These facilities produce enough electricity to power more than one million
homes. Including projects under construction or development in which we have an
equity share, our cogeneration and conventional power portfolio exceeds 3,000
megawatts.
A major new project is in Indonesia, where subsidiaries of Texaco and
Chevron and a private partner have constructed the largest cogeneration plant of
its kind in that country. The $190 million, 300-megawatt gas-fired plant
supplies power and steam for use in steamflooding the Duri field in Indonesia's
Central Sumatra Province.
A key new combined cycle power project in Thailand began operations in
2000. This $400 million, 740-megawatt gas-fired plant will feed the growing
power needs of Thailand's rapidly expanding economy.

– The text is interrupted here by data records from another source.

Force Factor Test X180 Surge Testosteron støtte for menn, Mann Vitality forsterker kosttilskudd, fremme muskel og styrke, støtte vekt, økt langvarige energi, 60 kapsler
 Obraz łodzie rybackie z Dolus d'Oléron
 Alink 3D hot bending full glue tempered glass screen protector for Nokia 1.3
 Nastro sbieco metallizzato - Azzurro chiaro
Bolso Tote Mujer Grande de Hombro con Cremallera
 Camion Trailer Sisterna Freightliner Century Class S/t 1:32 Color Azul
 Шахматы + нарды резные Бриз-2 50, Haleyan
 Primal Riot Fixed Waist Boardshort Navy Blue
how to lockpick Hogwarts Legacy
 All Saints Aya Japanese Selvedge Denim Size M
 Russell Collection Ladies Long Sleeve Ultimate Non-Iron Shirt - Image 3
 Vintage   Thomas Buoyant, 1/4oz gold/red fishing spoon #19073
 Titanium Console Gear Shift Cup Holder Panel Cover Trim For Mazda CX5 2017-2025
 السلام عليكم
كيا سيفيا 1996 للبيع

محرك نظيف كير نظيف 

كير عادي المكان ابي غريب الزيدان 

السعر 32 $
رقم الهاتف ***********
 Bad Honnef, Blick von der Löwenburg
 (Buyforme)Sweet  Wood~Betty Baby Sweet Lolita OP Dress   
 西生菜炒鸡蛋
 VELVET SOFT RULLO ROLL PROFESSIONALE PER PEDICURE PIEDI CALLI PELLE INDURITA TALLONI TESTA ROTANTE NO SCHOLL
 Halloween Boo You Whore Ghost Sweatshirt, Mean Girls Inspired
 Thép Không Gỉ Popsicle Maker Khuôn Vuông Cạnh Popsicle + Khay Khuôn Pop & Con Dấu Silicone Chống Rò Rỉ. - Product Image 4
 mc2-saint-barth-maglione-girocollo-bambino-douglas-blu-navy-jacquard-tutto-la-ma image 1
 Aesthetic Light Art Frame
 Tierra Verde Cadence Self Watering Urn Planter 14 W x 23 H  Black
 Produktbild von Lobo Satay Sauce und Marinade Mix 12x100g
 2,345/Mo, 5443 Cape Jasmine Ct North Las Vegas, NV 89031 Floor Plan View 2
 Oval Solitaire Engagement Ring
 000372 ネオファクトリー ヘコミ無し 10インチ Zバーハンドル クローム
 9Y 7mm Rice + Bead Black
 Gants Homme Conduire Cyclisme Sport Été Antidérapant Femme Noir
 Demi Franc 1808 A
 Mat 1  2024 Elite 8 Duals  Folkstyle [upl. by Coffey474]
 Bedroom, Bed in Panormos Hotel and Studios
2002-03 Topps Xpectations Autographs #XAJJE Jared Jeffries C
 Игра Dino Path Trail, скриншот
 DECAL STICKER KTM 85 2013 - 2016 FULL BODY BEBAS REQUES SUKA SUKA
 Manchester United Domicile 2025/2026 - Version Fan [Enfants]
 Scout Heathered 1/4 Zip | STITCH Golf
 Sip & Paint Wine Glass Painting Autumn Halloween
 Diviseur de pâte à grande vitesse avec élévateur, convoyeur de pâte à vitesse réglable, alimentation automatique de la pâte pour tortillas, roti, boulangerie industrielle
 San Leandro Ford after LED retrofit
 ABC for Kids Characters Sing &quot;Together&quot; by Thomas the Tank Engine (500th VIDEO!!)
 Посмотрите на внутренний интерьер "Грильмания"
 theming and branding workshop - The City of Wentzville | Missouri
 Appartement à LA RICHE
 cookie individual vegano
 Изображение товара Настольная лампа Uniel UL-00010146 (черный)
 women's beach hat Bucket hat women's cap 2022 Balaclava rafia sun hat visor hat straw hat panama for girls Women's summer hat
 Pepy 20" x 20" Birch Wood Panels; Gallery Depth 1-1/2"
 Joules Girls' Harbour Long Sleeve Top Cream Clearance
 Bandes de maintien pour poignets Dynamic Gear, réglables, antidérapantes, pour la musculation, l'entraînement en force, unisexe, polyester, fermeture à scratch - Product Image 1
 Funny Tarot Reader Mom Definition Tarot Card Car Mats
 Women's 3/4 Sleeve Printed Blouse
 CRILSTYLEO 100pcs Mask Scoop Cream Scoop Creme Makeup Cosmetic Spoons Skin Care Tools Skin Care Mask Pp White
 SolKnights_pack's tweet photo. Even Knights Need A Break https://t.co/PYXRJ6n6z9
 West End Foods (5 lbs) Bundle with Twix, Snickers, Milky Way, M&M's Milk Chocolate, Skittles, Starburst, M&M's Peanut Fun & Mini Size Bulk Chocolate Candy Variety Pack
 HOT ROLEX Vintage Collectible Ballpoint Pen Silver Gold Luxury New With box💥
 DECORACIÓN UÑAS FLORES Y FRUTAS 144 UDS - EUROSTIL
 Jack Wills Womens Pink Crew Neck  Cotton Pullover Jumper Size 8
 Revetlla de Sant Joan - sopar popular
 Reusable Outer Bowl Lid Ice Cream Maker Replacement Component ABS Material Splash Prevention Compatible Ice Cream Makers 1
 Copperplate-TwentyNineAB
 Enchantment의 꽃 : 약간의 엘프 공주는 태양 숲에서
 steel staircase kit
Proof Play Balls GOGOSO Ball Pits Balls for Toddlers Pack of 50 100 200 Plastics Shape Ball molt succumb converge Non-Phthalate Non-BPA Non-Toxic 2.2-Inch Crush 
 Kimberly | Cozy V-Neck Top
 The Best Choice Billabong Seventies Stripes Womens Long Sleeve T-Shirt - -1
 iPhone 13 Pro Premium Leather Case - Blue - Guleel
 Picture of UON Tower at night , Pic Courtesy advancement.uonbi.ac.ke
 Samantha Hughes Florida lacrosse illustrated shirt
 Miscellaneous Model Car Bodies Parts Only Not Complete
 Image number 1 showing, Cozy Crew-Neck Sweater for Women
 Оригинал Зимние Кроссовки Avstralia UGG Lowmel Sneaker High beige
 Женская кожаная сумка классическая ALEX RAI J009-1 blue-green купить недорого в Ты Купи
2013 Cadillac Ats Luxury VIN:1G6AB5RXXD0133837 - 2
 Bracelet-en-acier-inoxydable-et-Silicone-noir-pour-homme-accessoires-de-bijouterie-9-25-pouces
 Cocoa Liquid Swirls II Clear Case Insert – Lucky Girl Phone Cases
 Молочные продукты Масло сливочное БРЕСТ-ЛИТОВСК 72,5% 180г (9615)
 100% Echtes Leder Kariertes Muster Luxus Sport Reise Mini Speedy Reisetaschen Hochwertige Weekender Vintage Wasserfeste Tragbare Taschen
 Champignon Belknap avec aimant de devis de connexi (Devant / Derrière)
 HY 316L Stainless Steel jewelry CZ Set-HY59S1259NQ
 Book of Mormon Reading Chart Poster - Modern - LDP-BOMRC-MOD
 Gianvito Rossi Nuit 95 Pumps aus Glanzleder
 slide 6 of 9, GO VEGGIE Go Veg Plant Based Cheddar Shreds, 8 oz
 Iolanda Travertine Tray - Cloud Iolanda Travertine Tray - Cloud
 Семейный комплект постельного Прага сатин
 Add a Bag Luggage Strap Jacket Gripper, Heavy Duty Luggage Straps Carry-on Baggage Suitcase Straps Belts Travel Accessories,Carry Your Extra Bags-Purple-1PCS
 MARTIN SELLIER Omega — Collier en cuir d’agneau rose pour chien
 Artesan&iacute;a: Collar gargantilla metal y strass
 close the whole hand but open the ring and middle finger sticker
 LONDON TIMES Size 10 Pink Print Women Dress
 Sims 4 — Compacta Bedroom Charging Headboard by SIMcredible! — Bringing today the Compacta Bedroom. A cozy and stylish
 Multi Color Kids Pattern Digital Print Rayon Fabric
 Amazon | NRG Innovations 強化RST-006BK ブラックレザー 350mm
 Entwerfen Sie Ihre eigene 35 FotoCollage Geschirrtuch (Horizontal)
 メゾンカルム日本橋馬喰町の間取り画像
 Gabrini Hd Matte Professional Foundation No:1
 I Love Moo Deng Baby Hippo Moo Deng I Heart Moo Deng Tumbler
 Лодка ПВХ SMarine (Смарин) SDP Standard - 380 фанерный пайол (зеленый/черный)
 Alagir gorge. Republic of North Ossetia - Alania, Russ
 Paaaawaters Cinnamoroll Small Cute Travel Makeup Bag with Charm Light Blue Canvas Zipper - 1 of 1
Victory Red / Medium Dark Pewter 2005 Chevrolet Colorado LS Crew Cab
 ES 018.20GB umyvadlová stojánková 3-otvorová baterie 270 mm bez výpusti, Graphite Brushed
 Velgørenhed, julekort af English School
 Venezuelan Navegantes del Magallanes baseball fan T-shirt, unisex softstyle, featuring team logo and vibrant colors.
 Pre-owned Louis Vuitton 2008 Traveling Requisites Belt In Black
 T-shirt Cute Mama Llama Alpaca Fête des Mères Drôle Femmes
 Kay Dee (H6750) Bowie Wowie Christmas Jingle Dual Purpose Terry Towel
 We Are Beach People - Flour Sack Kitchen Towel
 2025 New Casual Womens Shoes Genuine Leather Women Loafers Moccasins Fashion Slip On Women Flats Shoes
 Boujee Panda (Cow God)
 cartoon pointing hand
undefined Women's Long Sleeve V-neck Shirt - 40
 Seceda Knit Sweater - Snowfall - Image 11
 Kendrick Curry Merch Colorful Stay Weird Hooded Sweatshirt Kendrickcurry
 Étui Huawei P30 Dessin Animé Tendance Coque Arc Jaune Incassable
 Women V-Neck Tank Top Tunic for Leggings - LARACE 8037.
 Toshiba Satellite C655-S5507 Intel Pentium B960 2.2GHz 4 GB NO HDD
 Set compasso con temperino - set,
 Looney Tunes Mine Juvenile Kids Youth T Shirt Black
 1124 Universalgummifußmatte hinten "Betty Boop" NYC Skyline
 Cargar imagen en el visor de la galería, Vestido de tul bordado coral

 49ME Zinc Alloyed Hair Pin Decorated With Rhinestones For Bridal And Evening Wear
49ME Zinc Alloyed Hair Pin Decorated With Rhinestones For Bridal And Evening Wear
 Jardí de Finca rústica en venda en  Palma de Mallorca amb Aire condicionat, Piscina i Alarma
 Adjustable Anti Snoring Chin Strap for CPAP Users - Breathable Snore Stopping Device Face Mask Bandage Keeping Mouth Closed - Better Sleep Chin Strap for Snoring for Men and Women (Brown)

Another 2000 addition to our power portfolio was the acquisition of a 25%
interest in two gas-fired combined cycle power plants in Korea. The $690 million
plants, which together total 951 megawatts, are located in newly constructed
suburban areas of greater Seoul.
Through our electrical power and gasification businesses, we are currently
involved in power projects, either through ownership or licensing, that will
produce over 8,500 megawatts of power.
21
The electric utility deregulation plan adopted by the state of California
in 1996 required utilities to dispose of a portion of their power generation
assets. As a result, utilities that serve California purchase power on the open
market, and, in turn, sell power to the retail customers at capped rates. During
the fourth quarter of 2000, California's power and gas markets experienced
significant price volatility. Increased demand resulted in very high market
prices that California utilities paid for power with no certainty they could
recover these costs from their customers. As both supplier to and purchaser from
the utility companies, Texaco has financial and operational exposure in
California. While the possible outcomes for the California utility situation
remain uncertain, we believe that they will not have a material adverse impact
on our financial condition or results of operations.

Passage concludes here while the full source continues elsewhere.